Version Tested: PlayStation 4 Pro

Written by
Senior Editor bursting with lukewarm takes and useless gaming trivia. May as well surgically attach my DualSense at this point.


  1. I think it was a bad mistake returning to boots on ground for Call Of Duty (bullet sponge special edition…

    Say what you like about COD’s recent incarnations but they are bright, bold and fluid.

    I think Jim summed it up quite well in his closing comment.

    “Less interesting than other shooters on the market”.
    Shhhhhh I think he means(Wolfenstein)!!!

    The single player albeit gorgeous to look at, is woefully short and not worthy of the admission price.

    The multiplayer is broke.Period!
    The kill cams are wonkey,people seem to absorb bullets like sponges,the social hub has been switched off and not back on again and the bronze star system is a joke.
    I have shelved my copy until someone at HQ fixes thing and have returned to Infinite Warfare for the foreseeable future.

    • I really enjoy the boots on the ground stuff – WAW probably being my favourite Call of Duty game.

      It’s actually good to hear that someone enjoys the sped up/futuristic side of more recent CoDs. I’m hoping CoD will expand into several different flavours, catering to the different audiences the series has picked up.

  2. Thought this review was never coming guys lol.

    I’ve held off on buying it so far, but most of the reports have been positive (apart from load times, lootboxes and the final killcam/play of the game)

    I think I’ll maybe take the risk this year after failing to get into BF1

    • Didn’t get our copy til midway through launch day! My crummy internet meant that I couldn’t get stuck in until Monday. But hey, got there in the end :)

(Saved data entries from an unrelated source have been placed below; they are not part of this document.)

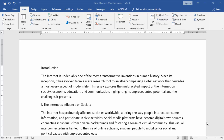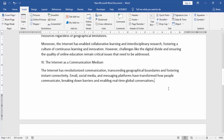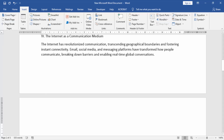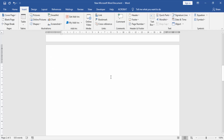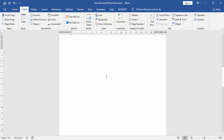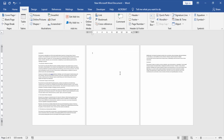First, we will open our Microsoft Word document. Go to the end of the page which needs a new blank page without moving text. Then we will go to the Insert menu and click the Blank Page option. Now we can see we inserted a blank page or new page without moving text.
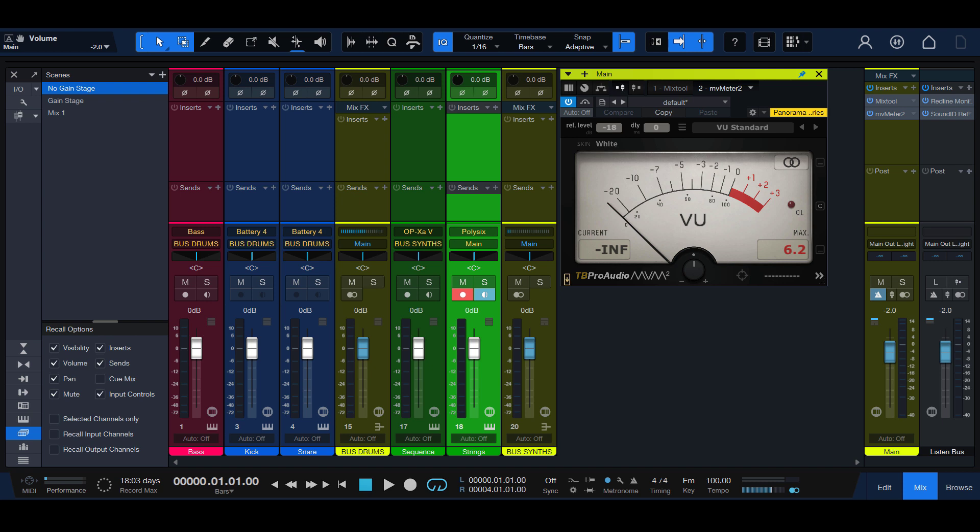Find the download link in the description. The goal of this method is to set the level of all channels to zero in a VU Meter calibrated to minus 18 dBFS.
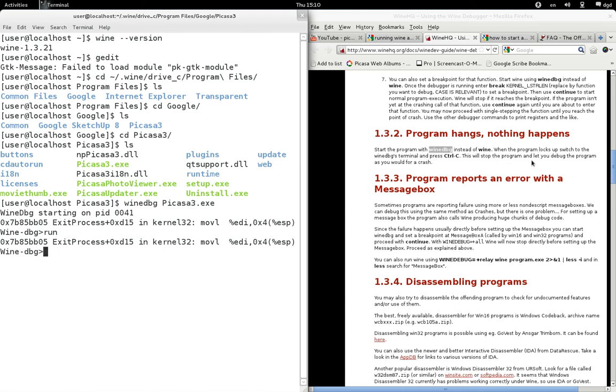This will stop the program and let you debug the program as you would for a crash. Well, I'd say this is a crash too, because it doesn't even work.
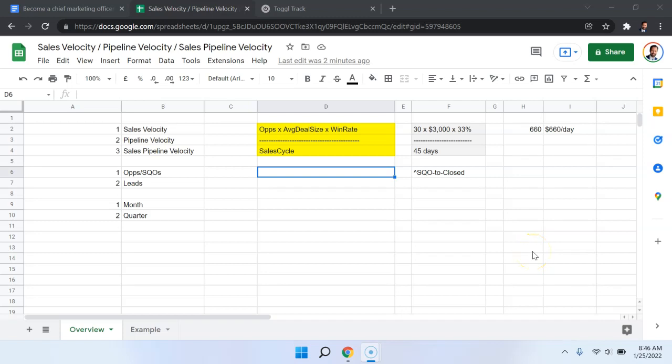I'm going to talk about a very important calculation that you're going to need to do in advanced business-to-business marketing. It is called sales velocity. Now, there are a few things I want to point out here before I get started.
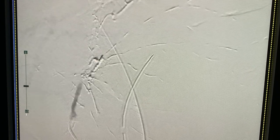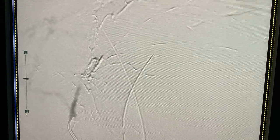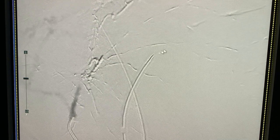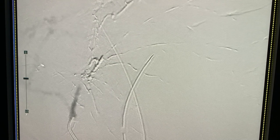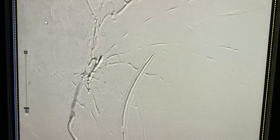This is the post-embolization run through our base catheter, which is parked in the proximal left gastric artery. You can see our glue cast spreading out into the distal branches of the left gastric. We have complete stasis — the area of extravasation seen on the prior runs is no longer visualized, and the more distal branches are all in complete stasis.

  3. Thought the campaign was good but it was like watching/playing the ‘highlights’ on fast-forward so it lacked depth or any emotional punch. WWII era weapons were great but the flying section was absolutely terrible. I think I preferred the World at War campaign more overall.

    I think I’d prefer a more authentic WWII game but I didn’t expect that from COD.

    Didn’t touch the MP.

    Overall, good but forgettable.

    • Good to know JR. I’m not a fan of CoD multiplayer, it’s too fast and snappy for me, but I’ve enjoyed the campaigns of all of them up to Black Ops. Since I’m it it for the story I think I’ll wait until it’s cheap.

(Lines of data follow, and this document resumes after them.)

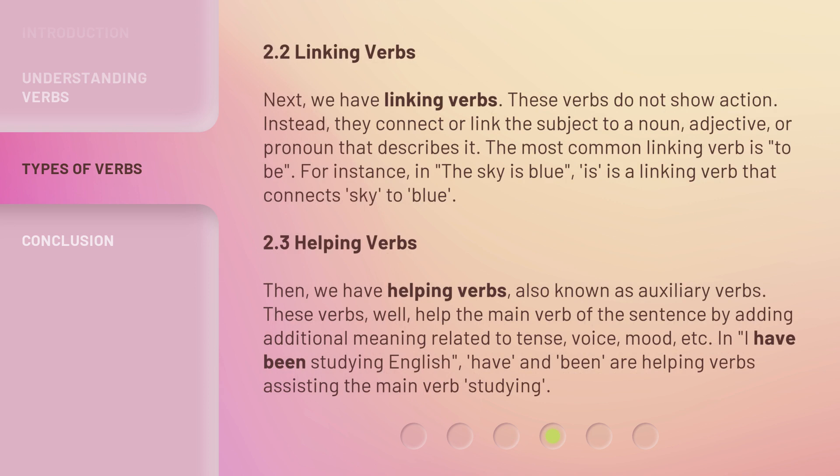Next, we have linking verbs. These verbs do not show action. Instead, they connect or link the subject to a noun, adjective, or pronoun that describes it. The most common linking verb is 'to be.' For instance, in 'The sky is blue,' 'is' is a linking verb that connects 'sky' to 'blue.'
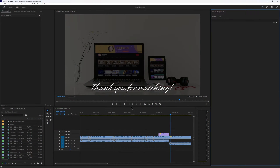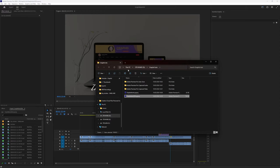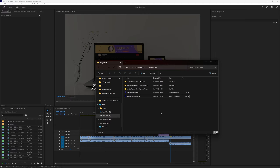If you want to delete your entire project, you can select the project here, press that hamburger icon, and then choose Reveal Project in Explorer. This will show you where your project has been saved, and you can just delete it here by pressing delete. And then, just as easy as that, you have deleted your entire project.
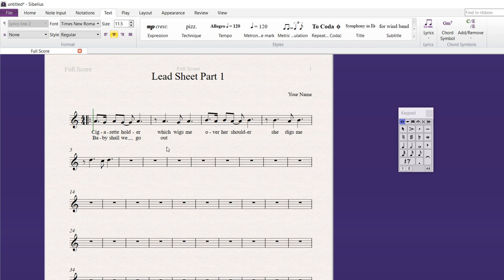And then, S-K-I-P. Skipping is what we're doing here. Dash. And then, P-I-N. Okay. So, out. Skipping. And then, as I go on here, I can continue typing my second verse. You just got to be very careful knowing that this is verse one, this is verse two. If I double clicked on digs me, I'm back into one.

      • If you’re not terribly bothered about MP then you should really wait for it come down in price. The campaign is solid, and even has some awesome set pieces, but is fairly short and lacks any particularly hard-hitting. There are moment where Sledgehammer could have been braver but ultimately decided to play it safe.

      • Fair enough Jim, cheers for the advice. Plenty of other stories I want to play and get punched in the emotion guts by. Must remember to get the new Uncharted.

  4. I must admit that I got bored of Call of Duty a decade ago. Can’t see much here to change my mind. Sledgehammer seems to have taken the ‘Make America Great Again’ approach to videogame design, relying on nostalgia over genuine innovation. Although I might need to play it before throwing out untested assumptions and opinions. But what is the internet for if not to throw untested assumptions and opinions into it?

  5. I’ve played a few CODs but am not a yearly adopter. Last one was the advanced warfare for me – which I thought Titanfall was superior and didn’t my include zombies with the base game which is something my brother always enjoyed.

    So for me I’ve really enjoyed this iteration. Zombies which I’ve not played before. Decent story and solid multiplayer. Can’t speak for the yearly adopters but for people like me who’ve only played a few over the years this is a fun experience.

  6. Every year I say I won’t get caught up with Codfever and years of old, I’ve ended up as riddled with it as the next gamer.

    This is the first time an entry has landed and it hasn’t given me Codfever. It’s the first COD I have no real interest in playing. What the world needs is Battlefield 5.

  7. It is cod as cod is.

    Get loads of disconnect from listen server errors, frustratingly usually after w win. Makes it very difficult to fulfil the challenges when wins don’t register.

    Seems to happen a lot so hopefully it will get patched.